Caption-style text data
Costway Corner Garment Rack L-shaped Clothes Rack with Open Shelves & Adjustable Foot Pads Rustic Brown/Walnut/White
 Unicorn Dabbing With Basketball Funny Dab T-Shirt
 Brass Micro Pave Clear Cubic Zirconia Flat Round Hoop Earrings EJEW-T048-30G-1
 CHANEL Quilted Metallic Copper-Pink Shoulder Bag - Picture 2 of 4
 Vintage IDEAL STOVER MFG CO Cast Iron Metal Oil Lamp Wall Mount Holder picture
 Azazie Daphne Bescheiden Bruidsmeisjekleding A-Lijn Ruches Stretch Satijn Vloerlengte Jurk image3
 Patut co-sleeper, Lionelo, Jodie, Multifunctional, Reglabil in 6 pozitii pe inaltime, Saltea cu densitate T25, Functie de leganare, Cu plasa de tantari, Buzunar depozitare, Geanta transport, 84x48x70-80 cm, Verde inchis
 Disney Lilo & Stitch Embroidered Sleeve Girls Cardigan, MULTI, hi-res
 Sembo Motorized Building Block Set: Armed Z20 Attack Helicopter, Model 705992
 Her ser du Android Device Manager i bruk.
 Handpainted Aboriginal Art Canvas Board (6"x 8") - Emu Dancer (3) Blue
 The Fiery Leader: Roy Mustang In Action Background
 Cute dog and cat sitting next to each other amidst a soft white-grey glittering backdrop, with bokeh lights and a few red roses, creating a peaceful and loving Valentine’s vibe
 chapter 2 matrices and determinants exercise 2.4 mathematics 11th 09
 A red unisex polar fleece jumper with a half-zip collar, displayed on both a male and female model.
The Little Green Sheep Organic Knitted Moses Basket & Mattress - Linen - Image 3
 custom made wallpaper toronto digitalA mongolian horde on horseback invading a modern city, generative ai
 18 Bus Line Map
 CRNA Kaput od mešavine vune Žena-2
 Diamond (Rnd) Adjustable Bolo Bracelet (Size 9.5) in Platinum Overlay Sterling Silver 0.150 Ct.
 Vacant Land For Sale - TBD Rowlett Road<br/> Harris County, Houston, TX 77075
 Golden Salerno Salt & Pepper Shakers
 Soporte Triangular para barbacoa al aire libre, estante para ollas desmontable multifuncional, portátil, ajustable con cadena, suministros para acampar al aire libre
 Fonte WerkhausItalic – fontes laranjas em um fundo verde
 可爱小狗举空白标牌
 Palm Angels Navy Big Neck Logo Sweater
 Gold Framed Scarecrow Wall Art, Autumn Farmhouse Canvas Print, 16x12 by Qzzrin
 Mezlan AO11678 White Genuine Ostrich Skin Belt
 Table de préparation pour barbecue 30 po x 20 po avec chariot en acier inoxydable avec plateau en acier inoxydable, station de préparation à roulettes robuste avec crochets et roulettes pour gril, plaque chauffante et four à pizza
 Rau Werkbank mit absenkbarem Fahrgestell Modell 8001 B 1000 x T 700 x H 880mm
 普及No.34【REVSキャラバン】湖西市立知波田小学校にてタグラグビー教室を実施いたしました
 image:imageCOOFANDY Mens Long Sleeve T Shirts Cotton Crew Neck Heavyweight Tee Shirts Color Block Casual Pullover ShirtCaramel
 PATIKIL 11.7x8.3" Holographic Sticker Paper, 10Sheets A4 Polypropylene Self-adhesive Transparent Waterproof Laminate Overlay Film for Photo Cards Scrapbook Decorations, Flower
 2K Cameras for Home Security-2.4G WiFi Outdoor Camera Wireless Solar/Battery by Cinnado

* _Instructions for the task_:
Retype the entries exactly from the first line, stopping after the line with "Vintage IDEAL STOVER".

* _Completed exercise_:
Costway Corner Garment Rack L-shaped Clothes Rack with Open Shelves & Adjustable Foot Pads Rustic Brown/Walnut/White
 Unicorn Dabbing With Basketball Funny Dab T-Shirt
 Brass Micro Pave Clear Cubic Zirconia Flat Round Hoop Earrings EJEW-T048-30G-1
 CHANEL Quilted Metallic Copper-Pink Shoulder Bag - Picture 2 of 4
 Vintage IDEAL STOVER MFG CO Cast Iron Metal Oil Lamp Wall Mount Holder picture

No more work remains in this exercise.